---- Information
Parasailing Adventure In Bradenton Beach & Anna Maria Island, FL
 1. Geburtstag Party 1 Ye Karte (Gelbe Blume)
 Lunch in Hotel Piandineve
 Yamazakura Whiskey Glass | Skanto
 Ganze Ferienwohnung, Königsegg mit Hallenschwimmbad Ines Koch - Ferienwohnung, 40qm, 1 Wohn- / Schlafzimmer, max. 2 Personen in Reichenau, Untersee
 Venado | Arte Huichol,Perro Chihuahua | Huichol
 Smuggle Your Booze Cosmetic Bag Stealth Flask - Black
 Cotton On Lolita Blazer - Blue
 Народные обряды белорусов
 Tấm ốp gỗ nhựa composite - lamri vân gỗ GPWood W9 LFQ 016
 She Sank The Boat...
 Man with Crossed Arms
--------
What to work on: When you reach the line with "1. Geburtstag Party 1 Ye Karte (Gelbe Blume)" in the records above, start writing out lines exactly, and stop once the line with "Venado | Arte" has been written; include nothing else.

Answer to the exercise:
 1. Geburtstag Party 1 Ye Karte (Gelbe Blume)
 Lunch in Hotel Piandineve
 Yamazakura Whiskey Glass | Skanto
 Ganze Ferienwohnung, Königsegg mit Hallenschwimmbad Ines Koch - Ferienwohnung, 40qm, 1 Wohn- / Schlafzimmer, max. 2 Personen in Reichenau, Untersee
 Venado | Arte Huichol,Perro Chihuahua | Huichol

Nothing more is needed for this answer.